Just like the age-old question about the chicken and egg, creatives everywhere are constantly questioning how to land their first job in an agency when many of the agencies require entry-level employees have at least two years of experience. Why is that? Well for starters, agencies are fast-paced machines. There’s very little time for ramping up and training for the newer hires. Of course, there are exceptions to the rule with plenty of agencies offering internships.
But the question still stands: how do you get your foot in the door at an agency when the competition is so high? Let me offer you some ideas:
Build Your Portfolio. A good portfolio is critical and step one in the process. No one in an agency will take a candidate seriously without one — period. Tailor your portfolio to show off who you are, while making sure to offer variety in your work. It’s important to highlight complete work, including any drafts or mockups that lead to the final product. The best portfolios take a well-rounded and curated approach to showing work. In addition, you should briefly describe the work and the particular role each piece played. Creating comprehensive case studies go a long way as they show the creative thought process and clearly displays your strengths along the way.
If you don’t have enough pieces to add to your portfolio, try to do as many pro bono projects as possible. Just because you may not have done the work for a company doesn’t mean it is bad work! When sending your portfolio with an application, include work relevant to the type of work the agency produces and incorporate the work that excites you. Companies want to work with people who are enthusiastic and motivated to learn new things.
Network, Network, Network! Like most jobs, it always helps to have a connection at the place you would like to work. If you don’t have a connection already, it’s crucial to network and build those relationships. Find industry events where you can meet other creative professionals. And if there is an agency or two that you have your eye on, show up at their events! The more you show up, the more opportunities you will get to make a good impression. Even if you don’t meet someone looking to hire, you could meet a potential co-collaborator on side projects. Building a community of collaborators is sometimes just as important as mingling with hiring managers.
Do Your Homework. Once you’ve found an agency you’d like to work for, research the company thoroughly — know why you are interested in them. Giving the agency specific reasons and examples as to why you would like to work with them shows genuine interest rather than applying for the sake of applying. Let them know why you think they are special!
While you’re researching the agency, make sure to look up current team members and the hiring manager(s) and don’t be afraid to reach out at least for more information or even an informational interview. Identify any common threads or interesting connections when sending the first message — you’ll want to stand out among the many cold emails agencies receive. Companies need to know you’re actively engaged and invested in their work, their culture, and their community.
Make Them Feel Special.
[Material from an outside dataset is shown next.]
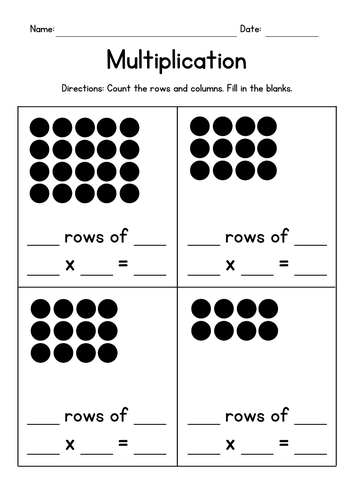 Counting & Multiplying Dots - Multiplication FREEBIE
The biggest turnoff is when a company can tell an application and/or cover letter has been templated and sent around to a bunch of places. No matter how thorough you try to review, things will inevitably be missed when you least expect it. Maybe you leave another company’s name at the top, talk about a project that is irrelevant, or simply keep everything super generic. Custom fit each application to the specific company, the position you’re applying for, and the hiring manager(s) who will likely be reading your things. A final reminder about personalizing your application and portfolio: while the creative industry is not as stuffy as other industries, it’s important to find the balance between showing your personality and staying professional.